=== EXERCISE REQUIREMENTS ===
Look through the data below and extract, unchanged, the lines from the one that contains "dining room with" to the one that contains "年轻的黑发快乐的女人带着耳机在美丽的日落海滩上听音乐跳舞慢慢慢慢视频的预览图", both included.

Data items:
++++

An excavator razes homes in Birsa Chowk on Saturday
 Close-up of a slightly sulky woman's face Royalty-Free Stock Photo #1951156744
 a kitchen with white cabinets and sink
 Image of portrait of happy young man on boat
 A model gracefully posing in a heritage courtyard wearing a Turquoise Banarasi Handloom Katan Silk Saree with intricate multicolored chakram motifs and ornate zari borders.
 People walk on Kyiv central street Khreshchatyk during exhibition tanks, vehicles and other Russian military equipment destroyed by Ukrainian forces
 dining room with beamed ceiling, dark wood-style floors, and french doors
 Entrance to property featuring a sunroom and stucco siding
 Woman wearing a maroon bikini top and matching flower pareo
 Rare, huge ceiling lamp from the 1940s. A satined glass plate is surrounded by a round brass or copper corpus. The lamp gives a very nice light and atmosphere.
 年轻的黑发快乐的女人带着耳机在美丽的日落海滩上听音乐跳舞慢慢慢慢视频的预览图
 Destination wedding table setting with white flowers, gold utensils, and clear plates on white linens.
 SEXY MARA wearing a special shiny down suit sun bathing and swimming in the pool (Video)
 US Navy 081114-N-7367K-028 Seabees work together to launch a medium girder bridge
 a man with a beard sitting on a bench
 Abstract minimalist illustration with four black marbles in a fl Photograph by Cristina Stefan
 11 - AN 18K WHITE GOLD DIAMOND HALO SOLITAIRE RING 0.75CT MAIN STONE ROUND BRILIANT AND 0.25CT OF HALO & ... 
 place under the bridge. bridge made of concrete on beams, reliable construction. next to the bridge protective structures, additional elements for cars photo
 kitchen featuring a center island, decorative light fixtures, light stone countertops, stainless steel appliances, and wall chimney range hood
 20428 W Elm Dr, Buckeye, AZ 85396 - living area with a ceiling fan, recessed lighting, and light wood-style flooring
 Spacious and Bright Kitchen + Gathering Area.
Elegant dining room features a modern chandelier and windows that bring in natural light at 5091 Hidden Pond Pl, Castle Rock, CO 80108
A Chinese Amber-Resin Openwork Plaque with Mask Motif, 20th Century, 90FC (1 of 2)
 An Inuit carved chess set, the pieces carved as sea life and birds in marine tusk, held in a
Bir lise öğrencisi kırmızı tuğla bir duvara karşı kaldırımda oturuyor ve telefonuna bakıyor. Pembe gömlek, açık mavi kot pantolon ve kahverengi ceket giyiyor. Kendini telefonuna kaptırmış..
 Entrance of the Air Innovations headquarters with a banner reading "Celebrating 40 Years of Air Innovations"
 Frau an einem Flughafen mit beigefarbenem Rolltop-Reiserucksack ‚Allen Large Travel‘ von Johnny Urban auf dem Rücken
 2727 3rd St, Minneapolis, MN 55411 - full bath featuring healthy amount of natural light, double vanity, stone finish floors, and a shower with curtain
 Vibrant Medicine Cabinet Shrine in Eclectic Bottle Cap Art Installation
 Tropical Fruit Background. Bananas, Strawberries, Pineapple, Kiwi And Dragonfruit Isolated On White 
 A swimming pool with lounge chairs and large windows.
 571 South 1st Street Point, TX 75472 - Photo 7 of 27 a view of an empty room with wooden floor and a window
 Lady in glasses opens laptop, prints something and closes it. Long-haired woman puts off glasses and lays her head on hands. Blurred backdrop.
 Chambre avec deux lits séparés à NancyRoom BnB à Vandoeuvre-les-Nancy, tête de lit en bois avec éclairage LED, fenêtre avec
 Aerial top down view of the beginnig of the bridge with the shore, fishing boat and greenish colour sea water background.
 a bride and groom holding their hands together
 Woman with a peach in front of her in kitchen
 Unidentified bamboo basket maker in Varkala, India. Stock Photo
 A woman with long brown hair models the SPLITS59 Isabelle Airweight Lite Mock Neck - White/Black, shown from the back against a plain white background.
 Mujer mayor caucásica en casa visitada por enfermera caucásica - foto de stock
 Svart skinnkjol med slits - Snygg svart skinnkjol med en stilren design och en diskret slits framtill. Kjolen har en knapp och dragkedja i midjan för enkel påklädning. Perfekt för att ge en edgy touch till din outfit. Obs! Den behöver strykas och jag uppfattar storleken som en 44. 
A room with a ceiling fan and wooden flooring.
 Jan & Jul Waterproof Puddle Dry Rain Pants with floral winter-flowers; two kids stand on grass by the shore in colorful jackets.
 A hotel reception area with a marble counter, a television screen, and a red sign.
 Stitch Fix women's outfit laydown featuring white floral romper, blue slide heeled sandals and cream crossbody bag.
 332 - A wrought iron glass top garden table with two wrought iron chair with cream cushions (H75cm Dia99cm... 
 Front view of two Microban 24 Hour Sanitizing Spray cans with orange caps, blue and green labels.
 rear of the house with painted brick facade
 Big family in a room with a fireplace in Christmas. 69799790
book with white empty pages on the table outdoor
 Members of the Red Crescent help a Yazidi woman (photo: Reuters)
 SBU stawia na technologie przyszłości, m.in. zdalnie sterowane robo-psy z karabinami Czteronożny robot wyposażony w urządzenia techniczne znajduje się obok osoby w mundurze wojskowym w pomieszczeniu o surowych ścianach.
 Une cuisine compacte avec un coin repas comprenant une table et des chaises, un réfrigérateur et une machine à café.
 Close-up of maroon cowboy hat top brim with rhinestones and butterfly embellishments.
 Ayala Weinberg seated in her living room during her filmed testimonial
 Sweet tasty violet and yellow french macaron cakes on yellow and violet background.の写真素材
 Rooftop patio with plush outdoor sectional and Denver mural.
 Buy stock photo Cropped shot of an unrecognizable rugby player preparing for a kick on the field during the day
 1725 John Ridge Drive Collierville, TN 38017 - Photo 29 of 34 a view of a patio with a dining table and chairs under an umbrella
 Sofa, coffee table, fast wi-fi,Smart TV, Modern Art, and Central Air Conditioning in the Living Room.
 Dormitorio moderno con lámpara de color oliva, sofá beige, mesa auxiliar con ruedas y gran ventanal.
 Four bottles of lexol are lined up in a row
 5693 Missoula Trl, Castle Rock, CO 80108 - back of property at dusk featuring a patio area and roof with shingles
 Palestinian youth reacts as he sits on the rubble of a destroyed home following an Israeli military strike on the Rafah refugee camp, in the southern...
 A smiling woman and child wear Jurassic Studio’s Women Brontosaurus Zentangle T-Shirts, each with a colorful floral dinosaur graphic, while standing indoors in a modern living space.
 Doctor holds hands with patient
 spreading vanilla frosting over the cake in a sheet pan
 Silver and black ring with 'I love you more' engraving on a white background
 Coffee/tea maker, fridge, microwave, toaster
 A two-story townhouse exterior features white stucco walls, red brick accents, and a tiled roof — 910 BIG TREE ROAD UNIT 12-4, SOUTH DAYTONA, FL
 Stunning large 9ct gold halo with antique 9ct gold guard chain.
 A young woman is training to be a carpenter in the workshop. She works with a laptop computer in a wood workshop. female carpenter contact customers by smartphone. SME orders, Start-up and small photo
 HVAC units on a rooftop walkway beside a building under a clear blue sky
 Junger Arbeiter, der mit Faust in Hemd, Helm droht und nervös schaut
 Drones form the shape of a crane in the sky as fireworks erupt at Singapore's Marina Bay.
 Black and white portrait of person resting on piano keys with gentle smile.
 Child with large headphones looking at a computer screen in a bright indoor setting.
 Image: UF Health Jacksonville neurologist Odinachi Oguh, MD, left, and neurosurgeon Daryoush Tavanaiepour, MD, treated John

++++

=== EXPECTED ANSWER ===
 dining room with beamed ceiling, dark wood-style floors, and french doors
 Entrance to property featuring a sunroom and stucco siding
 Woman wearing a maroon bikini top and matching flower pareo
 Rare, huge ceiling lamp from the 1940s. A satined glass plate is surrounded by a round brass or copper corpus. The lamp gives a very nice light and atmosphere.
 年轻的黑发快乐的女人带着耳机在美丽的日落海滩上听音乐跳舞慢慢慢慢视频的预览图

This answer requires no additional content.